**MATERIAL SUPPLIED**.
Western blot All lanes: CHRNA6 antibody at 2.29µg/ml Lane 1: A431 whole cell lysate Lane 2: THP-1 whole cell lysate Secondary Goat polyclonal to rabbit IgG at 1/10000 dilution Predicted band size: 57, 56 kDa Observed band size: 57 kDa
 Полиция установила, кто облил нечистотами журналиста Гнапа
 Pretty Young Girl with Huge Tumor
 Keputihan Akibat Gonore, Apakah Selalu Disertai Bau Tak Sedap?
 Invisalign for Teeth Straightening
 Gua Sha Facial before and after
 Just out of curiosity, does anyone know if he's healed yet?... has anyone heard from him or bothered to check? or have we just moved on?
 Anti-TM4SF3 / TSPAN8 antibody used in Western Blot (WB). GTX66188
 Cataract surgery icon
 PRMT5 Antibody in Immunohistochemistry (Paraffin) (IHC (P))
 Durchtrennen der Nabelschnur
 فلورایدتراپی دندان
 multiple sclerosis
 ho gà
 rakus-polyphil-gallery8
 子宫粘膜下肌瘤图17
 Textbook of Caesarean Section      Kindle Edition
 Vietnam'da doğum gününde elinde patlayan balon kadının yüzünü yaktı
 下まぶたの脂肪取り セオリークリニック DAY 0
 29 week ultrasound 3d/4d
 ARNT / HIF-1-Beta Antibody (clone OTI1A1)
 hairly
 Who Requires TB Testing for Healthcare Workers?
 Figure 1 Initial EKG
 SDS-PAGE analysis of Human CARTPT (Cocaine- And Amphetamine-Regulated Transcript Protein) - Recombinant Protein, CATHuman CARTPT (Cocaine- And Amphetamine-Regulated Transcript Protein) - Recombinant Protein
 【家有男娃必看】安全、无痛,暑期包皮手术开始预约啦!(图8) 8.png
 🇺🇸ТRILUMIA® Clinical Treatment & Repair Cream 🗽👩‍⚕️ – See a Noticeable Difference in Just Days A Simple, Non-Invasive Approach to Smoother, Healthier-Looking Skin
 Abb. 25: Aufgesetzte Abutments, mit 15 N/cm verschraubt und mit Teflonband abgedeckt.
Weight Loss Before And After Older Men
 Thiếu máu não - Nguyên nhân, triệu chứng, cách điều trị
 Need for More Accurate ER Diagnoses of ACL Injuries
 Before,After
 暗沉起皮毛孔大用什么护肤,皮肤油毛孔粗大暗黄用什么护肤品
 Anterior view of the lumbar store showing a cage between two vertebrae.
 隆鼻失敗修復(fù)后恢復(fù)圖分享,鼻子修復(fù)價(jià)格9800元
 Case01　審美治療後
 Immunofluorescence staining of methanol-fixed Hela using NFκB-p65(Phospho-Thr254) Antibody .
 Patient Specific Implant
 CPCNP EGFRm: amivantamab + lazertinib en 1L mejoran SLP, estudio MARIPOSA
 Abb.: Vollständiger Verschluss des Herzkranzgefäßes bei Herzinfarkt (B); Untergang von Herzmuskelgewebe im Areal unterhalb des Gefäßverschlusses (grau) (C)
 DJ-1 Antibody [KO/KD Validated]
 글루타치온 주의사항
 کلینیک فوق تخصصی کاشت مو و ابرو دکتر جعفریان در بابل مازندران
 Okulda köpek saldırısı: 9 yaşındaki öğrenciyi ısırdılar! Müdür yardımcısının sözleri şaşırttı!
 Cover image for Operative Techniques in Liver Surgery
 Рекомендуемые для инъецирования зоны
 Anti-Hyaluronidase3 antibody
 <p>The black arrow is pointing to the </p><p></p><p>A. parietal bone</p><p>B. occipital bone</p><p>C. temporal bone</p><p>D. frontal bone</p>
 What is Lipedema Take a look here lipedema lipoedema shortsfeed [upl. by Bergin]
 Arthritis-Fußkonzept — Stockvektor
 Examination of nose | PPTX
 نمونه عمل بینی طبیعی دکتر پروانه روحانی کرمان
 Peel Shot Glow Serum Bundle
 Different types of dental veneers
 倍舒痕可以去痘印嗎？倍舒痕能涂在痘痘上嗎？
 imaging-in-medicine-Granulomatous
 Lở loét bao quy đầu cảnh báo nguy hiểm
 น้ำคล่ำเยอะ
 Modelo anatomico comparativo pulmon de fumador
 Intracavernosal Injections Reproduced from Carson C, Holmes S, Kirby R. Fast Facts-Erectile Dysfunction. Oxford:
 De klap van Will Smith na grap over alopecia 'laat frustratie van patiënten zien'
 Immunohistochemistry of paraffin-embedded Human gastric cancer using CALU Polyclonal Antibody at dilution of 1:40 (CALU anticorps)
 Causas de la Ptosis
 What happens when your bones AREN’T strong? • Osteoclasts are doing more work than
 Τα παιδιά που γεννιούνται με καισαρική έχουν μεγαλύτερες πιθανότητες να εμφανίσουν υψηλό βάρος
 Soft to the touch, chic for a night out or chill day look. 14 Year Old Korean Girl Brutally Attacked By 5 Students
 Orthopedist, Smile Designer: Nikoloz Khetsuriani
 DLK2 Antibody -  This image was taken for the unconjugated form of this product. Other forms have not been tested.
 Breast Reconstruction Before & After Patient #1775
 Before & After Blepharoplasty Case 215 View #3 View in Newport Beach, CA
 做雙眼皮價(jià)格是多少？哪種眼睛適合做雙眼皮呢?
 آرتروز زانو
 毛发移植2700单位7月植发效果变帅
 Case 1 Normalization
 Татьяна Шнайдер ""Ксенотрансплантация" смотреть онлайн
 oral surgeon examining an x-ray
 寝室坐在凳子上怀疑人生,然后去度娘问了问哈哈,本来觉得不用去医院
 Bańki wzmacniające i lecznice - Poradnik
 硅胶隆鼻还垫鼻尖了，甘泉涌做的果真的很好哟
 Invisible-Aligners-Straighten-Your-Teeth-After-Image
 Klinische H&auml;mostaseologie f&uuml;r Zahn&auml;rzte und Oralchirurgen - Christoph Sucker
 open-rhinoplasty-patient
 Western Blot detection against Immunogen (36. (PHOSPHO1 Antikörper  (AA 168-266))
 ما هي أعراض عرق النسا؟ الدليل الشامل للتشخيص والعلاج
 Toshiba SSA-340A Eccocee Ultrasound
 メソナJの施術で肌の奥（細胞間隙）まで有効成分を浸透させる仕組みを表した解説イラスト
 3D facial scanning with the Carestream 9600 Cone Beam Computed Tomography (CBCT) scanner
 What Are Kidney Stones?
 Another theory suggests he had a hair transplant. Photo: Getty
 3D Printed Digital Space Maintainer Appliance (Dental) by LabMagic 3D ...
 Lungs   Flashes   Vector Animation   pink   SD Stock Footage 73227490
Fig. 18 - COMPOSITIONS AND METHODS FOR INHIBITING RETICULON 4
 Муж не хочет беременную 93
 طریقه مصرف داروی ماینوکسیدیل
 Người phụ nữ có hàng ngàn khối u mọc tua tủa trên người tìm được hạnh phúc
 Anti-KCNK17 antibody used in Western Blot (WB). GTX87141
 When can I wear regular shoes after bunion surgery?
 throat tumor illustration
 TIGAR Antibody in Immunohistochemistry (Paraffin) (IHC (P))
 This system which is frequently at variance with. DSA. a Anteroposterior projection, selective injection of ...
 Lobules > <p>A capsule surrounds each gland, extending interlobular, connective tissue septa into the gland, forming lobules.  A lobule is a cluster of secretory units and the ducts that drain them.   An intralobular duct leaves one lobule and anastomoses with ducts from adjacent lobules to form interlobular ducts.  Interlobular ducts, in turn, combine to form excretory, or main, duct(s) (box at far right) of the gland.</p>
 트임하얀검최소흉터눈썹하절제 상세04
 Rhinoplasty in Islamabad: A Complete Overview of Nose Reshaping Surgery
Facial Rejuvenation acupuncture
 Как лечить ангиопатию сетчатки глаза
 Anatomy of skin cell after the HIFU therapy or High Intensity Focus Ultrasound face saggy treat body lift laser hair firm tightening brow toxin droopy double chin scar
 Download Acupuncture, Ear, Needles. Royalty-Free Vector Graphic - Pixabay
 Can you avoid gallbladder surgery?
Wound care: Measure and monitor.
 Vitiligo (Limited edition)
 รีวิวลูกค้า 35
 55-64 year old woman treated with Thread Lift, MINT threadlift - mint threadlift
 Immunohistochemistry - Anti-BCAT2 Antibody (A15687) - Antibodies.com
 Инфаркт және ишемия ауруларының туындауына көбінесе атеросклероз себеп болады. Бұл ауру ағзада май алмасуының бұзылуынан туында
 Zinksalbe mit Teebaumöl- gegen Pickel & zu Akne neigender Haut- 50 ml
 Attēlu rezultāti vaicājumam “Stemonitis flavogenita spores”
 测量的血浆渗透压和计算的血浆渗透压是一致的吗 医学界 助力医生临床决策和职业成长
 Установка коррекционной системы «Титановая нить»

**INSTRUCTIONS TO FOLLOW**.
Each line of the material that contains the string "Just" has to be copied out.

**RESULT BELOW**.
 Just out of curiosity, does anyone know if he's healed yet?... has anyone heard from him or bothered to check? or have we just moved on?
 🇺🇸ТRILUMIA® Clinical Treatment & Repair Cream 🗽👩‍⚕️ – See a Noticeable Difference in Just Days A Simple, Non-Invasive Approach to Smoother, Healthier-Looking Skin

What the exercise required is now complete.